Œuvre
Pensées (1774-1824)
Sans le devoir, la vie est molle et désossée, elle ne peut plus se tenir.
Le sophiste se contente des apparences, le dialecticien de la preuve.
N'ayez pas l'esprit plus difficile que le goût, et le jugement plus sévère que la conscience.
La franchise se perd par le silence, par les ménagements, par la discrétion dont les amis usent entre eux.
Ne montrez pas le revers et l'exergue à ceux qui n'ont pas vu la médaille. Ne parlez pas des défauts des gens de bien à ceux qui ne connaissent ni leur visage, ni leur vie, ni leur mérite.
L'ouverture, l'exorde, le prélude, servent à l'orateur, au poète, au musicien, à disposer leur propre esprit, et aux auditeurs à préparer leur attention.
Pour bien écrire, il faut une facilité naturelle et une difficulté acquise.
Il y a des fantômes d'auteurs et des fantômes d'ouvrages.

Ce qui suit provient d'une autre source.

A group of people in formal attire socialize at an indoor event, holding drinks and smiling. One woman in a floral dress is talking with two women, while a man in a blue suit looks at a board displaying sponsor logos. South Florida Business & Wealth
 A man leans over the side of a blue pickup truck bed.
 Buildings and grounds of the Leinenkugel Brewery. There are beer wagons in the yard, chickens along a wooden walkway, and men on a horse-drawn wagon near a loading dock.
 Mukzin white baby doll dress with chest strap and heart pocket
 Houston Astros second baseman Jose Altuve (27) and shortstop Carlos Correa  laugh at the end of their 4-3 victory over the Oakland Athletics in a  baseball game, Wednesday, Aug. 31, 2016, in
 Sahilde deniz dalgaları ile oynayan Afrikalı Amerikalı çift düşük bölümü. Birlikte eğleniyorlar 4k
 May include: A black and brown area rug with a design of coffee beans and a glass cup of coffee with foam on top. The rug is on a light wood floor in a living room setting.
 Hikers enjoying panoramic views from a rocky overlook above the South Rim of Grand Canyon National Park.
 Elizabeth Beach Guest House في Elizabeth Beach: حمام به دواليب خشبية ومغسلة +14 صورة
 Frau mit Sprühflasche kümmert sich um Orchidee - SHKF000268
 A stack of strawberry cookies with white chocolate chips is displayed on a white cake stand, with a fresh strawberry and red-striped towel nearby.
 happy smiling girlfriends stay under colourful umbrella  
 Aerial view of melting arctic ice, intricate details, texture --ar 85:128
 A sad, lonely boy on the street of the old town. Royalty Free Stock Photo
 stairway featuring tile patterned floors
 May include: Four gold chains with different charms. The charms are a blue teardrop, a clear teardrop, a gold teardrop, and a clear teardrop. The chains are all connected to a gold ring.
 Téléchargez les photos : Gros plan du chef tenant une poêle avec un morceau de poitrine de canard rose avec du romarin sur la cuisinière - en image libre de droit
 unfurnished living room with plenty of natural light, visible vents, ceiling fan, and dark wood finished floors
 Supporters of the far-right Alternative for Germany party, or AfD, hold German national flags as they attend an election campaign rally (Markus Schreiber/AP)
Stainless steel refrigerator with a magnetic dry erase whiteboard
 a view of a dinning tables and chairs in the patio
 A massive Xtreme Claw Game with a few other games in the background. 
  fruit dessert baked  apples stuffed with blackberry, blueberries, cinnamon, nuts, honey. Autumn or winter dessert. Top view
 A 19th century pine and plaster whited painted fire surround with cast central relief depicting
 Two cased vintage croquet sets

Lorsque la forme est telle qu'on en est plus occupé que du fond, on croit que la pensée est venue pour la phrase, le fait pour le récit, le blâme pour l'épigramme, l'éloge pour le madrigal, et le jugement pour le bon mot.
L'habitude de penser en donne la facilité; elle nous rend plus pénétrants et plus prompts à tout voir. Nos organes, comme nos membres, acquièrent par l'exercice plus de mobilité, de force et de souplesse.
Quand un ouvrage sent la lime, c'est qu'il n'est pas assez poli; s'il sent l'huile, c'est qu'on a trop peu veillé.
On peut considérer la langue de l'homme, dans le mécanisme de la parole, comme la corde qui lance d'elle-même la flèche qu'on y a ajustée.
Les Latins s'écoutaient parler, et les Grecs se regardaient dire.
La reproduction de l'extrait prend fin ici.